タナカ・マキコ。小泉内閣外相。衆議院議員(新潟5区)。元科学技術庁長官。
11月2日、与野党は、国会対策協議で、田中真紀子外相の国連総会と主要国(G8)外相会議への出席を認めないことで合意。国会日程上、補正予算案審議に支障を招くというのが表向きの理由だが、国連総会やG8に外相が欠席するのは、極めて異例。9月下旬の外遊拒否(田中外相が衛生事情を理由に首相特使としてのパキスタン訪問を拒否)、10月21日のアジア太平洋協力会議(APEC)欠席に続き、小泉内閣の外交政策決定からの「外相外し」が鮮明化した。11月5日付のワシントン・ポスト紙やAP通信などの海外メディアも、外相として機能しない田中外相を批判的に報道。
田中外相と外務省事務方との衝突は、大臣就任以来、数カ月にわたって続いているが、外相の資質を問われるトラブルをまた連発。ひとつは「外務省立てこもり」。10月29日夜、秋の園遊会に自分の後援会関係者を出席させられなかったとして、外務省人事課に2時間にわたって立てこもり、女性職員に人事課長の更迭辞令書類の作成を強要した騒動。もうひとつは、11月1日に起きた「指輪騒動」。外相の指輪が無くなったとして、秘書官にデパートに買いに行かせ、そのためにイラン外相との会談に30分、遅刻したという騒動。一連の騒動は国会でも取り上げられ、与野党から「外相交代論」が噴き出している。しかし、小泉首相は、言動に注意するよう外相をたしなめたものの、外相更迭は否定。

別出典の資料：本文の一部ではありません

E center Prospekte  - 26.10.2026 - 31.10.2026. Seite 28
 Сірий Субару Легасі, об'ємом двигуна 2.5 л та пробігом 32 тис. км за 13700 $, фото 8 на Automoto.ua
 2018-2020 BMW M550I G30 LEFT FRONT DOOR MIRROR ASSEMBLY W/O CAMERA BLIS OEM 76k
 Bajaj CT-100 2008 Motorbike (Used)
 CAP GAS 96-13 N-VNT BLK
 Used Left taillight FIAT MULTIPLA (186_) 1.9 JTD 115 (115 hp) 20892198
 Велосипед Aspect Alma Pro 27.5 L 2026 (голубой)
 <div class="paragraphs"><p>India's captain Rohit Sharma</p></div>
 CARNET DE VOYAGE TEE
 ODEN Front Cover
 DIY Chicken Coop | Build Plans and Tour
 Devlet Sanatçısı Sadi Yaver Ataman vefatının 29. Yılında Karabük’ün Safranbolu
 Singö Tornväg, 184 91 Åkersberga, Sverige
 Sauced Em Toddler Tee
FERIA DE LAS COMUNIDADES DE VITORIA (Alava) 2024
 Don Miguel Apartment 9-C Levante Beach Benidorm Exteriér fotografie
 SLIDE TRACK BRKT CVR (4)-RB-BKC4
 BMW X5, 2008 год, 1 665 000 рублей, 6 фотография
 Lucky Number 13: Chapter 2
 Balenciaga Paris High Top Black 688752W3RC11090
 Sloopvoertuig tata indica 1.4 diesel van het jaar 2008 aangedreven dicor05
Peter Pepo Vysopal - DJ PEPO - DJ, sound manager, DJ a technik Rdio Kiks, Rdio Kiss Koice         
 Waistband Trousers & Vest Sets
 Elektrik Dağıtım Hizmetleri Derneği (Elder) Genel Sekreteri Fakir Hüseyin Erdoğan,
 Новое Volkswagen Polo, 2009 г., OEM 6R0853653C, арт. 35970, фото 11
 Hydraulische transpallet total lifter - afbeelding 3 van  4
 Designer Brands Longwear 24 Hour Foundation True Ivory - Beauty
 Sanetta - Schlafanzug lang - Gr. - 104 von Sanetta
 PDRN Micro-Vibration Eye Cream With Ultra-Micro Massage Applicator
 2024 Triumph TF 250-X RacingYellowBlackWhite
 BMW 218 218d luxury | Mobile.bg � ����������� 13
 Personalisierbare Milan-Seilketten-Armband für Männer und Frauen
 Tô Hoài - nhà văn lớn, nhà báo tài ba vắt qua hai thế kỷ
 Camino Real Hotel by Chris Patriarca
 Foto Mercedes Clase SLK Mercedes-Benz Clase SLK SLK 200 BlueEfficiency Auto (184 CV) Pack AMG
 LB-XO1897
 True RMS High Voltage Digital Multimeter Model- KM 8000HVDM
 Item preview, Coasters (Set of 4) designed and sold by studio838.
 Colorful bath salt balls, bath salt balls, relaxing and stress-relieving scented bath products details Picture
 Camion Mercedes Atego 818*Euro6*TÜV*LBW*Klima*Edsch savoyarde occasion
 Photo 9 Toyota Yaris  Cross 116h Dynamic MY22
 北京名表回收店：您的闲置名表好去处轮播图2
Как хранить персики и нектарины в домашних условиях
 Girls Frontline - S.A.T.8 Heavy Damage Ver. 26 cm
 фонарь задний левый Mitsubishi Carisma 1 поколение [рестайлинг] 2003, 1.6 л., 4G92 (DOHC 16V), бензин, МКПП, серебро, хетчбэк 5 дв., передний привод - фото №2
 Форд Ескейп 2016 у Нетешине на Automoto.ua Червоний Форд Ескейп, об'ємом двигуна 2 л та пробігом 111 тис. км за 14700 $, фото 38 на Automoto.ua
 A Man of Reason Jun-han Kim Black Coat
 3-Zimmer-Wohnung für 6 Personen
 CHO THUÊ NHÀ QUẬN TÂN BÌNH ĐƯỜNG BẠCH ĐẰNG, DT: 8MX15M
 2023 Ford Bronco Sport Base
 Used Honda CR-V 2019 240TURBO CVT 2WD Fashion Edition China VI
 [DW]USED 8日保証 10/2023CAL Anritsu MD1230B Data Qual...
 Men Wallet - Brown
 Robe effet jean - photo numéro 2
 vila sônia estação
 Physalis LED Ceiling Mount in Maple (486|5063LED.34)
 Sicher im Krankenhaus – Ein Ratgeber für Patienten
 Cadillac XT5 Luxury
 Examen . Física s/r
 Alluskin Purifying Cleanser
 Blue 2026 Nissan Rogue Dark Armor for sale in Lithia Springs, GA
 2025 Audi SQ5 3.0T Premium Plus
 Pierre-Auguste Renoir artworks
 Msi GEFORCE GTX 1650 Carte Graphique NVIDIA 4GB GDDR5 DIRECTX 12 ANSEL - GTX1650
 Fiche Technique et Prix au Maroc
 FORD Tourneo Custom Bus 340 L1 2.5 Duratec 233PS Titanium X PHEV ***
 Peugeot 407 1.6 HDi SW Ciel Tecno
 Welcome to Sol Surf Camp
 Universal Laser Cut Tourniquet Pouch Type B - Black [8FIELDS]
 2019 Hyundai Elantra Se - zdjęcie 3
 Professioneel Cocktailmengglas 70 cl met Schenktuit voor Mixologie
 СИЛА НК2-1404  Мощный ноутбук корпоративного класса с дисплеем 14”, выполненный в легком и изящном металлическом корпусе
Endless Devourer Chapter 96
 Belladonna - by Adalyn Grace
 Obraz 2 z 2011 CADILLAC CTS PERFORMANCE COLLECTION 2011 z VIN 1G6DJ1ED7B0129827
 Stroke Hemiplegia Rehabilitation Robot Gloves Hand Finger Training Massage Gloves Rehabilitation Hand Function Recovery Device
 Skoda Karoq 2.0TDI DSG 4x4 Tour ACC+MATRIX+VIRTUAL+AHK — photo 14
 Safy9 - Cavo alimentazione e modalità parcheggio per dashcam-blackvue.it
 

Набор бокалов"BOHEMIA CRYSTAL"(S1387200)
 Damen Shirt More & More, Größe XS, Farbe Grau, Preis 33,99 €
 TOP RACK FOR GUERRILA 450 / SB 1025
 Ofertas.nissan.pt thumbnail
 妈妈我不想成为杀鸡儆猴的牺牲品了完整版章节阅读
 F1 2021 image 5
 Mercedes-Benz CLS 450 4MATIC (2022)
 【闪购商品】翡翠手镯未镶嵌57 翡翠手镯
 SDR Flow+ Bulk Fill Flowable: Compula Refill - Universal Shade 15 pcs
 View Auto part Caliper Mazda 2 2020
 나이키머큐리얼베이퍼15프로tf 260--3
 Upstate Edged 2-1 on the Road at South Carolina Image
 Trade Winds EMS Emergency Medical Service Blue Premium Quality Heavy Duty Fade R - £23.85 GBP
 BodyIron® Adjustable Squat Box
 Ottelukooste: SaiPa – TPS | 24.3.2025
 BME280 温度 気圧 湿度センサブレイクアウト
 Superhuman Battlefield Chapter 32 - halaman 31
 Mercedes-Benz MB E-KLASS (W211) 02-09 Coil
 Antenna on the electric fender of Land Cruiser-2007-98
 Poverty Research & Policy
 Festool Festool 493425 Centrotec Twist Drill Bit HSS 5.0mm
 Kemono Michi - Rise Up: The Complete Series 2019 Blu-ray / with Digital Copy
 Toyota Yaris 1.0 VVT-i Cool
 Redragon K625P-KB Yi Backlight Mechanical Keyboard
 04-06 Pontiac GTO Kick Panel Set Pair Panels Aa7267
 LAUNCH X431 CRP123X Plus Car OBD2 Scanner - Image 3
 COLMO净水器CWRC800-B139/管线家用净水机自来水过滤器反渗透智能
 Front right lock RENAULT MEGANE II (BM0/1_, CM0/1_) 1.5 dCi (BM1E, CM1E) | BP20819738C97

1944年、新潟県出身。田中角栄元首相の長女。夫は田中直紀参議院議員。早稲田大学卒。早大在学中に、劇団「雲」の研究生となり、女優を志す。高校時代にアメリカ留学した語学力を生かし、田中首相の外遊に同行。名ホステスぶりを発揮して脚光を浴びる。ロッキード事件で田中首相が失脚後、夫と父の選挙運動を支えて、当選させる。93年、衆院選に無所属で立候補し、トップ当選を果たして、自民党に入党。94年の村山内閣で科学技術庁長官に。2001年の自民党総裁選で、小泉純一郎候補と二人三脚で選挙運動を展開し、小泉総裁を誕生させて、小泉内閣の外相に。父親譲りの毒舌で人気に。